Земская реформа реализовывалась поэтапно и не повсеместно. К концу 1870-х годов земства были введены в 34 губерниях Европейской части России и в Бессарабии, а также в области Войска Донского (где в 1882 г. были ликвидированы Александром III). На втором этапе земские органы появились на окраинах империи: в Ставропольской, Астраханской, Оренбургской губерниях. В остальных регионах (включая национальные территориальные образования) земства либо вообще не образовывались, либо были созданы гораздо позже (например, в западных губерниях России закон о земствах был принят лишь в 1911 г.).

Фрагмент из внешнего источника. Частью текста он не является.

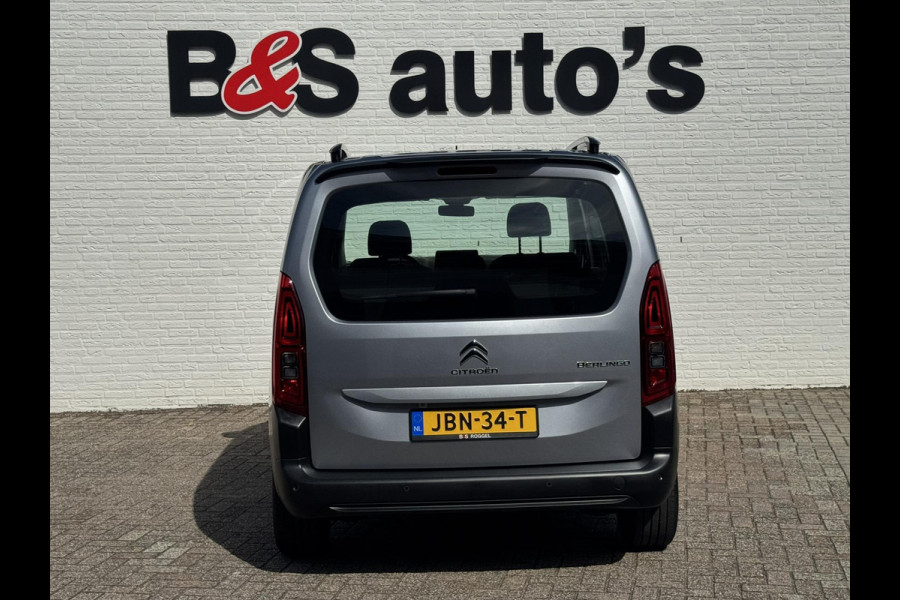 Citroën Berlingo 1.2 PureTech Shine Automaat Cruise control Climate control Achteruitrijcamera Apple Carplay / Android auto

Земская реформа содействовала развитию местной инициативы, хозяйства и культуры. Последующее развитие земского движения стало первой в России (не считая одноименной «земской» реформы Ивана IV в XVI столетии) реальной попыткой децентрализации государственной власти, ограничения всевластия центрального аппарата государственного управления и формирования системы народного самоуправления. К сожалению, в период контрреформ Александра III Земским положением 1890 г. отдельные достижения земской реформы его отца оказались отменены.
Тем не менее, при всех своих недостатках в условиях сословной организации общества, земская система самоуправления (даже в урезанном Земским положением 1890 г. виде) реально действовала несколько десятилетий, пережила Февральскую и Октябрьскую революции 1917 г. и была упразднена большевиками лишь в 1918 г. как отживший «буржуазный» институт в структуре российского общества[46].
Последующие 75 лет развития СССР в условиях тотального доминирования одной политической партии (ВКП(б) — КПСС) показали, что в сфере развития местного самоуправления и децентрализации государственной власти советская Россия оказалась отброшена в «крепостное» прошлое. Тем самым российское общество лишилось возможности сформировать традиции политической самоорганизации и общественного управления местными территориями, что продолжает негативно влиять на развитие гражданского общества и сегодня, спустя 30 лет после распада Советского Союза.